* EXERCISE INSTRUCTIONS
Print each entry as it appears. Images stay out of the copy.
━━━━━ ENTRIES PROVIDED
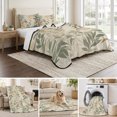 thumbnail image 6 of Twin XL Quilt Set 68''x98'', Sage Green Yellow Botanical Lightweight Summer Bedspread Coverlet Set with 2 Pillow Shams, Vintage Spring Summer Breathable All Season Quilt Bedding for Dorm/Guest Room, 6 of 9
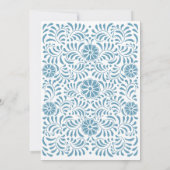 VRIJGEZELLENFEEST TALAVERA BLUE FLOWERS Invitation Kaart (Achterkant)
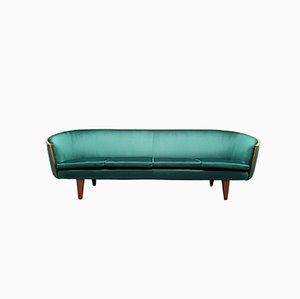 Mid-Century Curved French Sofa in Green Velvet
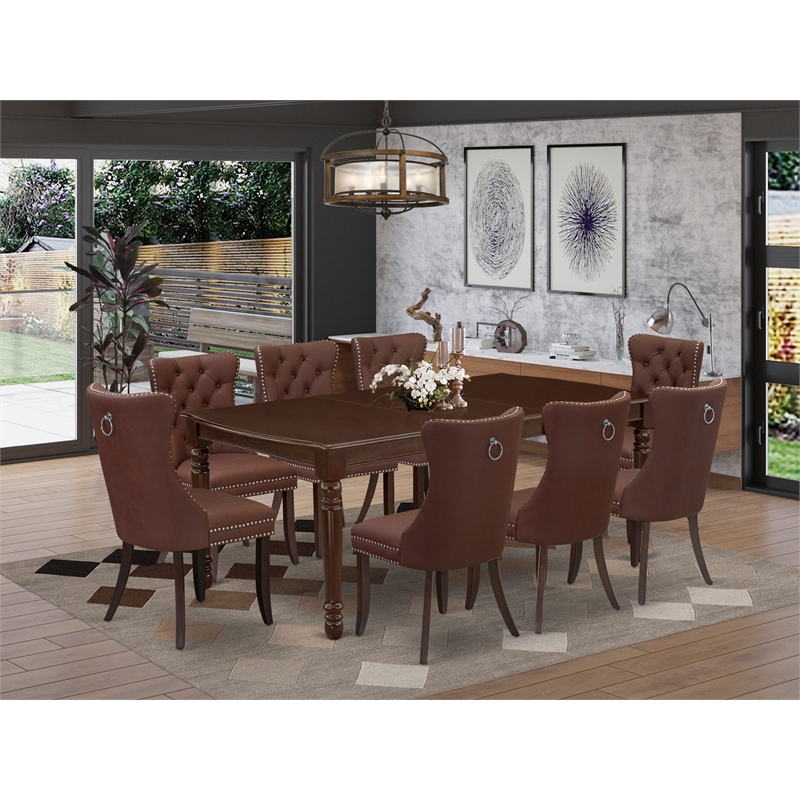 East West Furniture 9-Piece Dinette Set in Mahogany/Burgandy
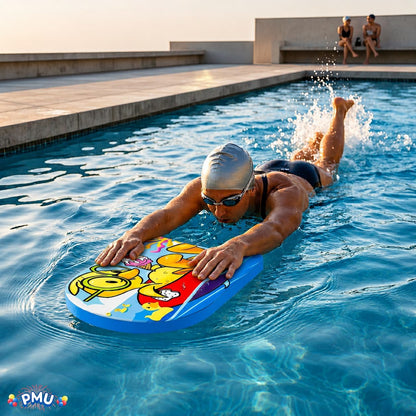 PMU Graphics Printed Bodyboard - Lightweight Wrist Leash Slick Bottom for Beach, Sea & Pool - Surfing Board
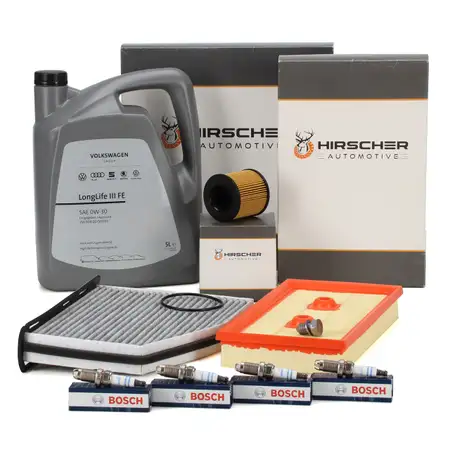HIRSCHER Filterset + 4x BOSCH Z&uuml;ndkerze + 5L ORIGINAL 0W30 Motor&ouml;l f&uuml;r VW Golf 5 1.6 FSI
━━━━━━━━━━
* RESULT FOR THIS TASK
 thumbnail image 6 of Twin XL Quilt Set 68''x98'', Sage Green Yellow Botanical Lightweight Summer Bedspread Coverlet Set with 2 Pillow Shams, Vintage Spring Summer Breathable All Season Quilt Bedding for Dorm/Guest Room, 6 of 9
 VRIJGEZELLENFEEST TALAVERA BLUE FLOWERS Invitation Kaart (Achterkant)
 Mid-Century Curved French Sofa in Green Velvet
 East West Furniture 9-Piece Dinette Set in Mahogany/Burgandy
 PMU Graphics Printed Bodyboard - Lightweight Wrist Leash Slick Bottom for Beach, Sea & Pool - Surfing Board
HIRSCHER Filterset + 4x BOSCH Z&uuml;ndkerze + 5L ORIGINAL 0W30 Motor&ouml;l f&uuml;r VW Golf 5 1.6 FSI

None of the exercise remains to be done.